I have used BM, mostly eggshell, for several years but was surprised to read about the differences from the paint store vs canadian tire. I usually buy from ct when it is on sale and save $5-7 a gallon. I have been very happy with it, covers well. I usually buy the best one or one below. Have bought cheap paint over the years but it doesn't cover.


----------



## VLT (Jan 1, 2017)

That's good if it's working for you. Paint companies have a variety of products with a range in quality. The Canadian Tire/Benjamin Moore product is probably a decent product with a reliable colour match. BM wouldn't put their name on a product without the quality being good but it might be equivalent to their contractor quality.


----------



## Mechanic (Oct 29, 2013)

Thanks for the heads up VLT. I will certainly be taking another look when it's time to buy paint again.
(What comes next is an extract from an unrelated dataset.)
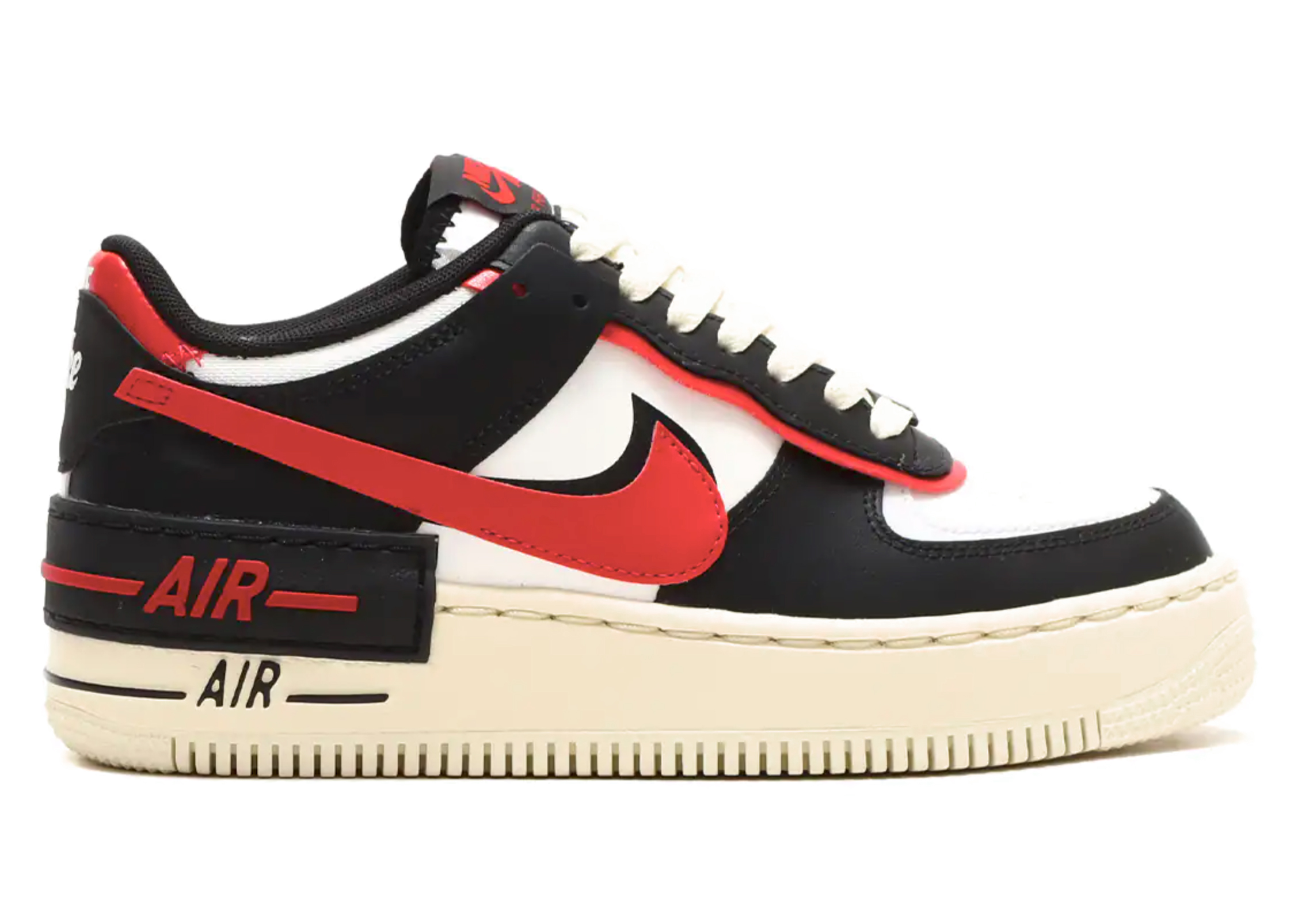 red and black air force 1 womens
A few $ more per gallon isn't going to have a huge impact.


----------



## VLT (Jan 1, 2017)

I've confirmed that Benjamin Moore makes a product specifically for Canadian Tire that compares with their contractor grade. It's interesting that colour names are different from their own (dealer) products.


----------



## RCB (Jan 11, 2014)

I don't understand why so many dislike Behr, I love working with it in both my home and rentals. It has great coverage and is durable. We painted neutrals on our main floor 10 years ago, and it still looks like new, even raising two kids. As for coverage, I'm in the process of painting a whole house that we just re-drywalled, each room having one dark or intense colour. I used Speedhide white primer, and the dark colours of the Behr are providing complete coverage with only one coat, except for deep red, which required two coats because I wasn't using enough light when painting. No tinted primers used for anything.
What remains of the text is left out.